Multilingual ULMFiT

Are there any new plans incorporating the new LASER models (

We haven’t had as much success with QRNN as I was hoping either…

Thank you very much for your clarification. Nevertheless I don’t know if this is a good move for people who desire to bring fastai models in production since onnx export doesn’t seem to work for now with a bach_first option set to true. Several issues have been raised on the pytorch github.

@pjetro I haven’t noticed your question before here are some answers:

Hie Tomek, I didn’t get your question. It is meant to be used on different languages with or without spacy the point is that we are going to run some experiments to see, what give us the best results.

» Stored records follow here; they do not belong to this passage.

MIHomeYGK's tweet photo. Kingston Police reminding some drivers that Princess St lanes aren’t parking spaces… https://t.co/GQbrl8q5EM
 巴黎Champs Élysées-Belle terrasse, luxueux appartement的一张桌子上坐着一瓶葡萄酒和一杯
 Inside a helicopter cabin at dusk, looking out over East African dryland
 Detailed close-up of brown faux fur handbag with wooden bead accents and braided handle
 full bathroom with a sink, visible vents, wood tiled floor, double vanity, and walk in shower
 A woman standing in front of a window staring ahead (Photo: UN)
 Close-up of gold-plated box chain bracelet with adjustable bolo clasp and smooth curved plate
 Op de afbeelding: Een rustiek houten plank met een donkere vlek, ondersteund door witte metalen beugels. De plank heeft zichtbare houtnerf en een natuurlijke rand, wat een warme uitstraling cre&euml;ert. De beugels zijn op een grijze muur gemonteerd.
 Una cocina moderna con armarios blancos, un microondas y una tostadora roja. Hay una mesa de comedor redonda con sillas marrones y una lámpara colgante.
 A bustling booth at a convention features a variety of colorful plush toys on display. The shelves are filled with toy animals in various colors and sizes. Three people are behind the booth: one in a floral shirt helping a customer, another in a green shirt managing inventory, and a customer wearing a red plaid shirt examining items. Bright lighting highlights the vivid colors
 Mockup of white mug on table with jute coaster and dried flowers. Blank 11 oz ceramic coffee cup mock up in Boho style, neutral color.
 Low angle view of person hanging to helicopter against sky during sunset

Sebastian initially wanted to keep Moses tokenization, and sentence piece as he thought it will get us better accuracy on local languages, I’ve added spacy so we can compare the performance.

Yeah, we play a bit to see how ULMFit works on XNLI and if it can be improved using tricks from papers like ELMO. I’ve started this repo so we can do that without disturbing the course, and once we have things that work we can contribute them to fastai. (hence we have fasta_contrib package).

What is important to me is that we can replicate the fantastic classification results on other languages using one repository and maybe we can tackle XNLI as it is essentially a more advanced classification.

What tweaks do you have in mind?

I think we are very close to the paper results, my models on imdb get the following error rates:

  • 5.4% sentencepiece and 4 layer lstm
  • 5.1% moses + fastai preprocessing
  • 5.2% fastai tokenization (starting from wt103)

And the performance reported in the paper is 5.0 to 5.3 on a single model, see the quote below:

Impact of bidirectionality At the cost of training a second model, ensembling the predictions of a forward and backwards LM-classifier brings a performance boost of around 0.5–0.7. On IMDb we lower the test error from 5.30 of a single model to 4.58 for the bidirectional model.

Sure, we have this repo separate to be able to have more ppl to contribute without making it harder for Sylvain and Jeremy to manage. Although I was hoping that it will be used mostly to get the multilingual polished, how about we get on a chat and discuss?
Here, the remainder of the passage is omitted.